Action item >>
In the entries below, begin at the line that has "Luxury 3 Island Cruise with Captain Morgan" and stop after the line that has "Плафон салонный Toyota Camry (XV30) (2001-2006) Седан 2002г. |"; output those lines exactly, leaving out pictures.

Dataset extract >>
__________

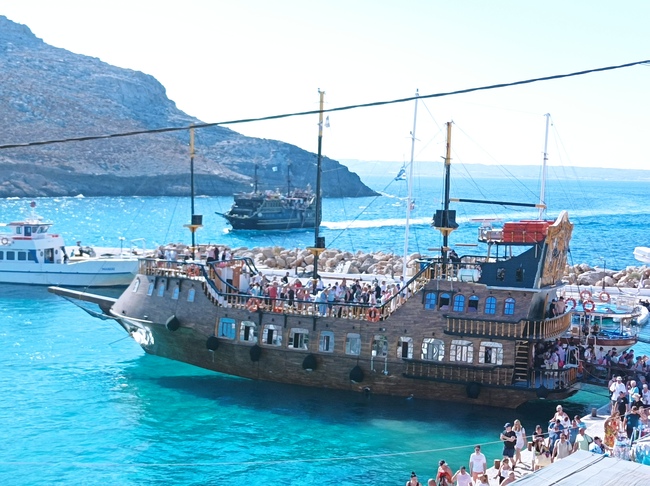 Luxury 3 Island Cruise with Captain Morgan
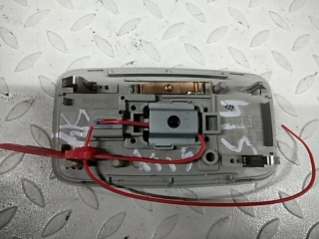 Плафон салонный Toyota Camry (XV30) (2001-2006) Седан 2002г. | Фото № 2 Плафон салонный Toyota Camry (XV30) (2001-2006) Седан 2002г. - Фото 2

__________

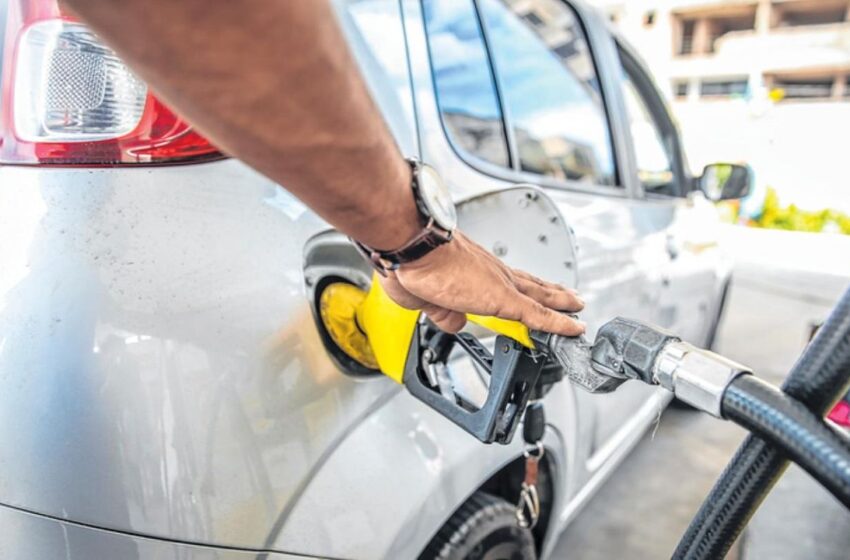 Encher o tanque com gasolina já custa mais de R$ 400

__________

Answer to this task >>
 Luxury 3 Island Cruise with Captain Morgan
 Плафон салонный Toyota Camry (XV30) (2001-2006) Седан 2002г. | Фото № 2 Плафон салонный Toyota Camry (XV30) (2001-2006) Седан 2002г. - Фото 2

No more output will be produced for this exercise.